- _WORK TASK_
Every line below from the one with "Coffee Mugs Glass" through the one with "China Christamas Home" is to be repeated exactly, with no picture among them.

- _DATASET ENTRIES_
%%
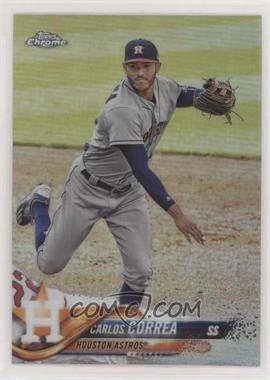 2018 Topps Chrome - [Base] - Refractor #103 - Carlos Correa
%%
%%
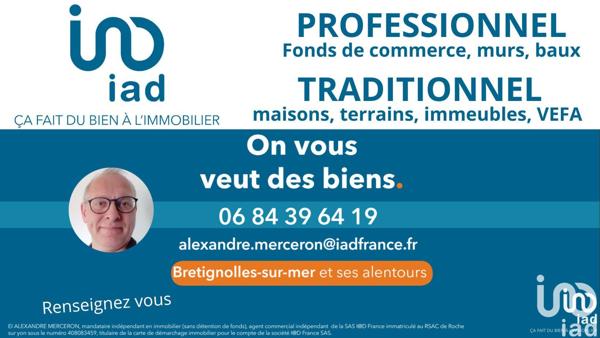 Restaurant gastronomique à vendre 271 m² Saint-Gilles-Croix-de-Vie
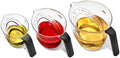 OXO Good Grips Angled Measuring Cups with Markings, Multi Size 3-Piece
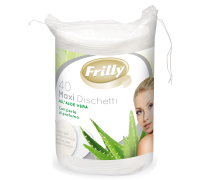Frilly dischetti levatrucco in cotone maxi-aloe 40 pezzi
%%
%%
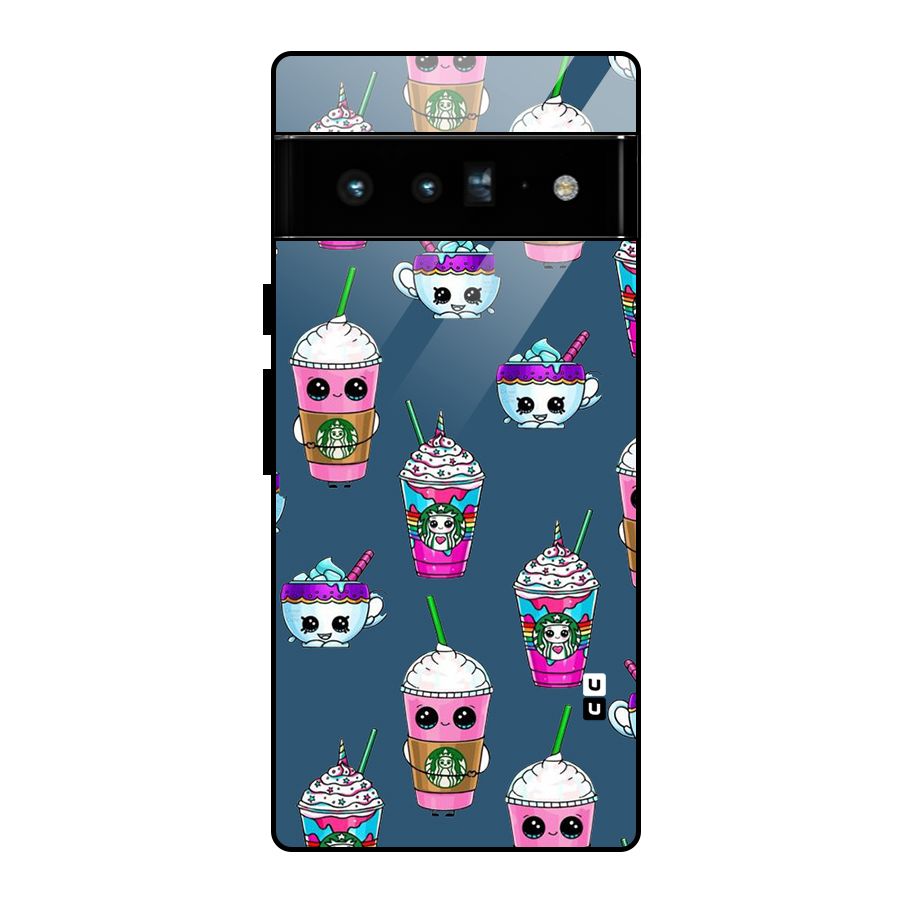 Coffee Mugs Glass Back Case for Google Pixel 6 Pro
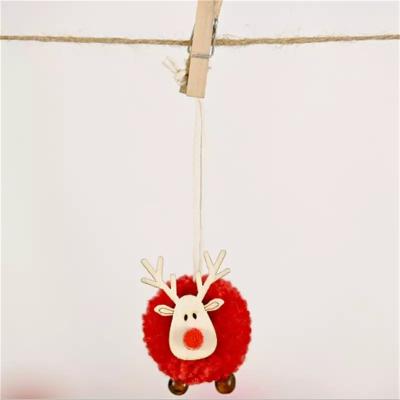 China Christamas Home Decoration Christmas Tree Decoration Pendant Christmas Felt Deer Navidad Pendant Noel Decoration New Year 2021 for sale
%%
- _RESPONSE TO THE EXERCISE_
 Coffee Mugs Glass Back Case for Google Pixel 6 Pro
 China Christamas Home Decoration Christmas Tree Decoration Pendant Christmas Felt Deer Navidad Pendant Noel Decoration New Year 2021 for sale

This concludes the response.